You don’t like my humor either? It makes you want to what? Well, if it’s that bad, how come you’ve read so much? Oh. Well, how was I to know you would open the book at this very page? I was going to produce a book you couldn’t put down but I couldn’t figure out how to stop the superglue from setting until the critical moment.

It’s a gift. Some people turn heads, I turn stomachs. Stomachs are important, too. Being a stomach specialist (I could market myself as the kingdom’s gastroenterologist) need not automatically disqualify my writing. I could still be in business if all humanity despised my writings. I know of at least one person soundly converted by a song he loathed.

You needn’t concern yourself with such extremes, however. We are often so over-awed by God’s moral standards that we overlook other aspects of his nature. Our Lord is Creator as well as Savior, and the Maker of rainbows and nightingales didn’t suddenly lose his creative urge at the close of Day Six. God’s creativity is inexhaustible. And you were made for him. He longs to express his creativity through you. As an instrument and musician together make beautiful music, you and your Lord can unite to create exquisite beauty. What you can do together defies imagination. You make an awesome team.

Yield to Christ, like a brush to the artist, and from your life will flow unearthly beauty.

Disclaimer

I don’t like to brag, but I have a certain air about me – especially after eating garlic.
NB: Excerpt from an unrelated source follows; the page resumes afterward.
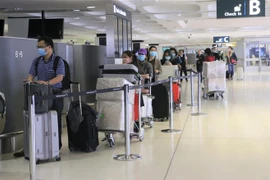新冠肺炎疫情：350名在澳越南公民安全回国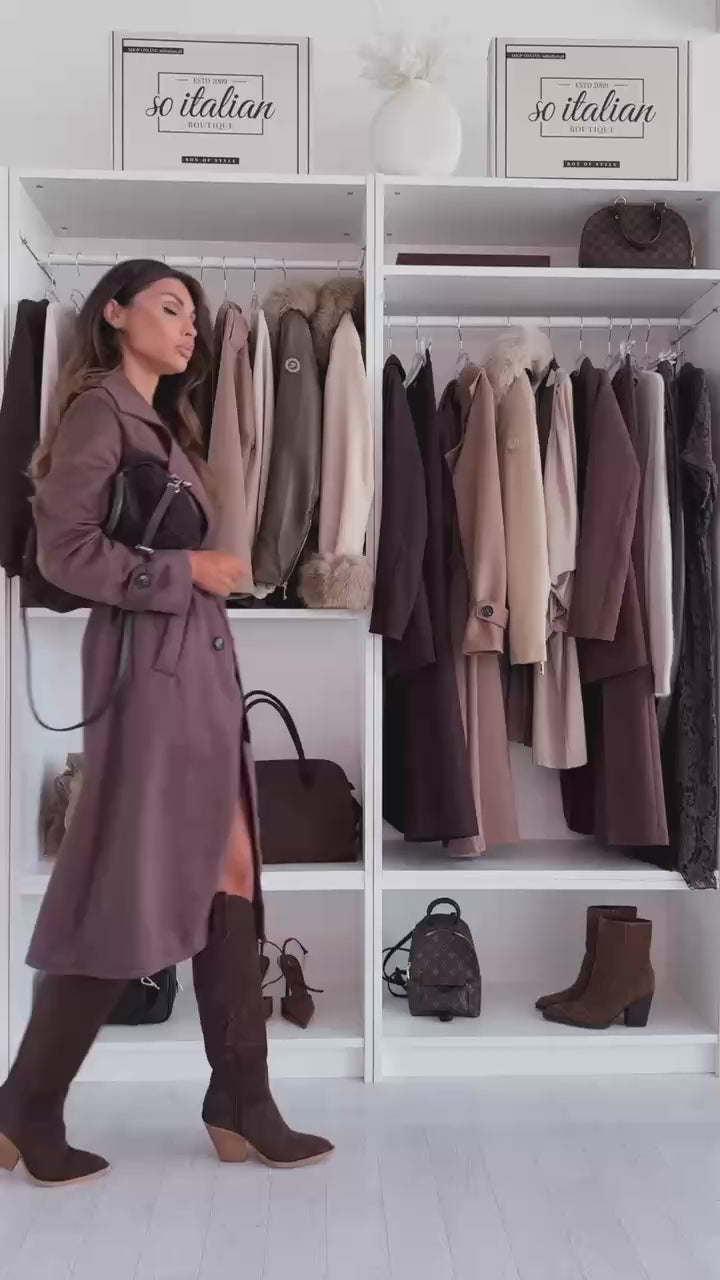 TRENCH  TINA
Check out a few possibilities before assuming the cause of unpopularity is divine.

The arm-chair army

Those who share the fragrance of Christ with a putrid world may receive much flak from Christians. It is such a difficult task in the front line that many of us desert our posts and become self-appointed critics of those who remain at the front.

Methods that most effectively win new converts will seldom woo long-established Christians. Their needs and tastes are a world apart. So an effective evangelist will probably incur the displeasure of those Christians who want to be the center of attention.

When the critics start, determining who is right can be difficult. Christians with the greatest enthusiasm are often the least experienced. The ones best equipped for evangelism are sometimes those who have succumbed to pressure and abdicated their responsibility.

Your critics might know more than you do. Their advice could be from God. So it demands prayerful consideration.

When Rev. Oldschool gives us a hard time, it’s tempting to stray to greener pastors. We must be cautious. If we cannot find Christians as mature and experienced as our critics who fully support our actions, we are probably the ones who are wrong. (Proverbs 9:8-9; 10:17; 12:1; 13:18; 27:5)

Nevertheless, Scripture narrates the tragic consequences of a man of God who mindlessly followed what an old prophet claimed was divine guidance. (1 Kings 13:11-24) Though we should humbly respect our elders in the faith, we each have a personal responsibility to seek God on matters related to ministry and guidance.

If the Lord clearly indicates our critics’ opinion is not from him, we must reject it, though without rejecting the critics themselves or spurning their advice on other matters.

So love and respect your knockers, but don’t let them stunt a God-given ministry.